ESPN’s will is law in college sports, and the network’s 24-hour hoops marathon slated Colorado’s men’s basketball’s tip-off against Auburn to begin on a Monday and end on a Tuesday, at the marathon’s midpoint.
So, two hours from midnight, and one from tipoff, the student section at the Coors Events Center was standing-room-only. The C-Unit hummed with the kinetic energy that one would expect from thousands of college students hyped on caffeine and excitement.
Auburn came out in one of new coach Bruce Pearl’s signature presses, and Colorado uncharacteristically matched them. The Buffs picked the Tigers’ guards up in the backcourt, and Auburn’s bigs had to set picks at half-court to free their ball-handlers. Colorado varied its pressure — first soft, then an aggressive trap — and forced a harried Auburn side into turnovers and rushed shots as the Tigers struggled to break through early.
Colorado had no such trouble. Its offense had a fuller realization of head coach Tad Boyle’s offseason vision than in Friday’s sloppy win against Drexel. Junior forward Xavier Johnson started hot and never cooled off on his way to 17 points and five rebounds. He scored the Buffs’ first five points with a contested layup and a spot-up three from the left corner.
Wes Gordon was similarly unstoppable. He dominated from both blocks early, first with a layup off of an offensive rebound, then a turnaround, fadeaway jumper. The sophomore forward played unquestionably the best game of his career — 16 hard-fought points, 12 rebounds.

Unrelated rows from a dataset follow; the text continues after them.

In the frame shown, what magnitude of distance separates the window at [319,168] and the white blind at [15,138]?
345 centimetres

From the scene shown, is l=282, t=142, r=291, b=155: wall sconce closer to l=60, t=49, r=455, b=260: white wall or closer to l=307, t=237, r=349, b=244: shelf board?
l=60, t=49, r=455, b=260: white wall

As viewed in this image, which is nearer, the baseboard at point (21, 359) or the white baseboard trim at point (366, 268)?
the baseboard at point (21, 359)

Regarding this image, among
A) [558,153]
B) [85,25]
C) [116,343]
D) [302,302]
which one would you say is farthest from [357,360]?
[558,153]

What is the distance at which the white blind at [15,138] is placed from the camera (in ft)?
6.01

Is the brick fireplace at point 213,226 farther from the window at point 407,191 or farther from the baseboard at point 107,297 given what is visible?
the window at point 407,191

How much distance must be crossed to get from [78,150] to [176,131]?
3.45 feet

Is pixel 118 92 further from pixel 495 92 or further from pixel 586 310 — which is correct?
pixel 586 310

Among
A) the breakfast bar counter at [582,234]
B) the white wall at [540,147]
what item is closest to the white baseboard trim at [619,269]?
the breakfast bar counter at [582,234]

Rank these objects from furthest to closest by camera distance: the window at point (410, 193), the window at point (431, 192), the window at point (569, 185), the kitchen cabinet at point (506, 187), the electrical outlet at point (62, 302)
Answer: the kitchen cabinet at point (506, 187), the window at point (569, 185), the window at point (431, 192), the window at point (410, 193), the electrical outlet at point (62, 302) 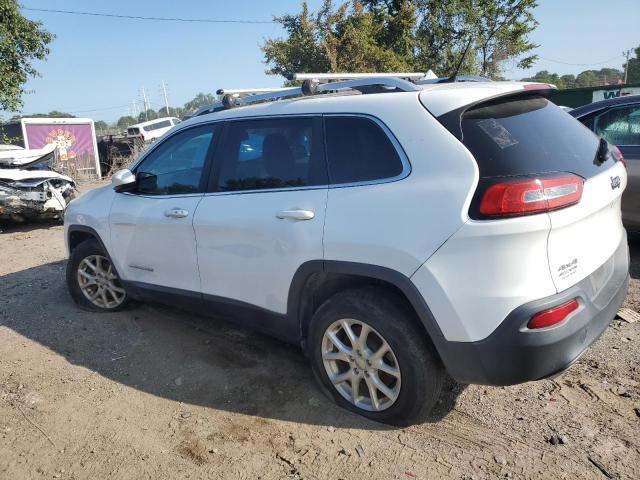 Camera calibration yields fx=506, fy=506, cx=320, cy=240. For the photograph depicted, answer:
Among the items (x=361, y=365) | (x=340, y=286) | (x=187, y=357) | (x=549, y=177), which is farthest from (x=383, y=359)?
(x=187, y=357)

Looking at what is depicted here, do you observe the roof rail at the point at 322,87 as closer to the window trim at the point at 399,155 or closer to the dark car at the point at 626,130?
the window trim at the point at 399,155

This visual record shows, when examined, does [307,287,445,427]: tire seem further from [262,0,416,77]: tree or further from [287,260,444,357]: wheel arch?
[262,0,416,77]: tree

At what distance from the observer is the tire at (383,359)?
2.52 m

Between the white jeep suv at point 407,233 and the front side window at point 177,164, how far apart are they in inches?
1.4

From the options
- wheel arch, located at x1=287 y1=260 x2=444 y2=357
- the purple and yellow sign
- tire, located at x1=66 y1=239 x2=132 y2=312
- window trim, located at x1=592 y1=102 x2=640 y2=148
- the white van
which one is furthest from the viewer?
the white van

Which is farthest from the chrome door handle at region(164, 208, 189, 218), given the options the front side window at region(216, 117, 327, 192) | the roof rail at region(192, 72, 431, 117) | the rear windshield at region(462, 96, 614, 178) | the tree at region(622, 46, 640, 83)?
the tree at region(622, 46, 640, 83)

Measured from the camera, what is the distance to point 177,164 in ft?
12.5

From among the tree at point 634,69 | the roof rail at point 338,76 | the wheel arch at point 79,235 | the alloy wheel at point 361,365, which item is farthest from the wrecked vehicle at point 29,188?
the tree at point 634,69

“Sometimes he doesn’t realize how good he is and how good he can be,” Boyle said.
Really, though, Auburn had no answer for any of Colorado’s forwards. Junior Josh Scott delivered his typical line — 17 points, nine rebounds. His post defense was stout as always, and he blocked three shots for the second straight game.
“We might have one of the best big-man combos in the country,” senior guard Askia Booker said.
The clock struck midnight during a halftime game of musical chairs, and with it Auburn turned back into a pumpkin. Not immediately, though — it cut Colorado’s lead to two points 20 seconds into the second half, and it stayed within five points for almost eight more minutes.Then the deluge began.
The Buffs led 51-46 with 12:20 remaining when Josh Scott made a pair of free throws to stretch the lead to seven points. Booker followed that with a sequence emblematic of his career. From the top of the arc, he pump-faked, drew a foul and, through contact, hurled up a prayer that banked home off the top of the glass. Booker missed the free throw, but Scott grabbed the offensive board and kicked back to Booker, who hit another jumper.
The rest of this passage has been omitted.